La situation est inextricable. D’autant que statistiquement, on sait qu’il n’y a pas plus d’enfants homos dans les familles homoparentales que dans les familles hétéroparentales !

« Le fait de grandir dans un cadre homoparental peut ouvrir des questionnements sur l’orientation sexuelle ou romantique, mais ça ne diverge pas selon qu’on est dans une famille homo ou hétéro. C’est même obscène de mesurer ce genre de choses, on ne devrait pas avoir à se justifier. »

Même si elle précise que la démarche n’est pas du tout la même, Kolia Hiffler-Wittkowsky fait le lien avec l’acte du coming-out :

« Être élevée par une famille homoparentale, c’est un vécu indirect, ce n’est pas un coming-out, mais on doit quand même dire “oui, mais mes mères le sont”. Finalement c’est presque encore plus compliqué. »

Une normalisation de l’homoparentalité pas encore acquise

Peut-on malgré tout dire que la société est largement plus tolérante à l’égard des familles homoparentales qu’il y a quelques décennies ? Qu’elles font désormais partie du paysage et rencontrent de moins en moins de rejet et d’hostilité ?

« Il est vrai qu’il y a eu un très grand progrès dans l’Europe occidentale », reconnaît Kolia Hiffler-Wittkowsky, avant de nuancer : 

« Mais je pense que c’est quand même en décalage avec le vécu des gens. L’expérience que j’ai d’avoir deux mères n’est pas une donnée sociologique, mais je vois que ça pose toujours un problème. Il y a toujours des microréactions, des questions. »

Tant que, dans les fiches de rentrée à remplir à l’école, il sera toujours inscrit « profession du père » / « profession de la mère », les choses n’auront pas réellement progressé, estime l’autrice, qui se souvient très bien que c’est là une des raisons, d’apparence anodine, qui l’empêchait de dire qu’elle avait deux mères.

Impossible quand elle était enfant de rayer la mention inutile du père pour la remplacer : le risque de s’exposer était trop grand, insurmontable.

« Tant que papa-maman sera plus normal que d’avoir deux mamans, deux papas, ou trois parents, ce sera nécessaire d’avoir ce genre de témoignages. »

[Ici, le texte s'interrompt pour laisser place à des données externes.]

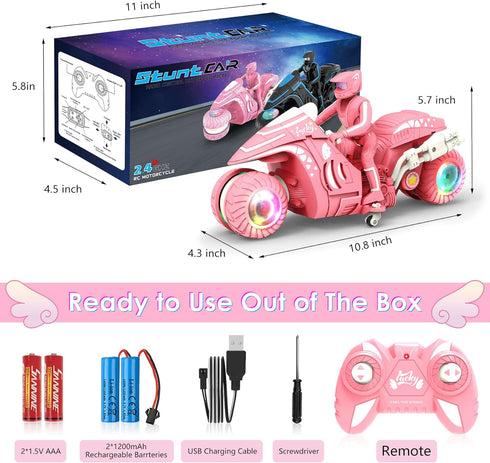 360 2.4Ghz 5-12 RC Motorcycle Toy with RGB Wheels Light, Rotation High Speed Remote Control Dirt Bike with Rider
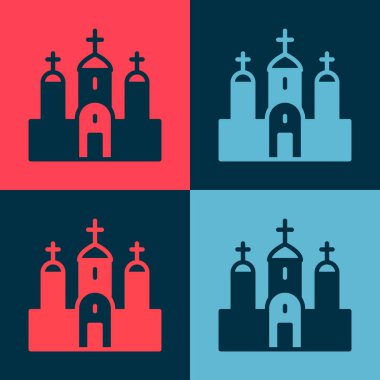 Pop Art Church binası ikonu renk arkaplanında izole edilmiş. Hıristiyan Kilisesi. Kilisenin dini. Vektör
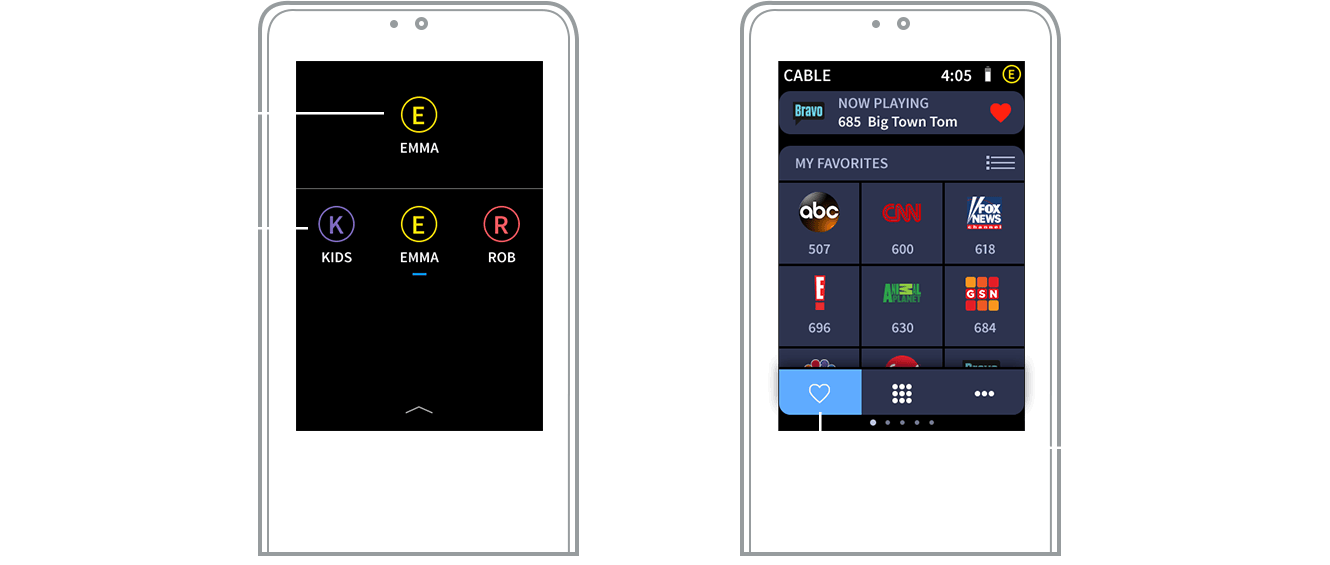 Crestron graphic showing two remote interfaces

Alors que la loi de bioéthique revient à l’Assemblée nationale pour la troisième lecture avec l’extension de la PMA aux couples de femmes et aux femmes célibataires, et que certains argumentaires réactionnaires sont encore assénés, il semble toujours aussi nécessaire de donner de la place à ces témoignages, à ces familles, dans une société en apparence plus tolérante, mais qui reste encore pétrie de normes et de préjugés.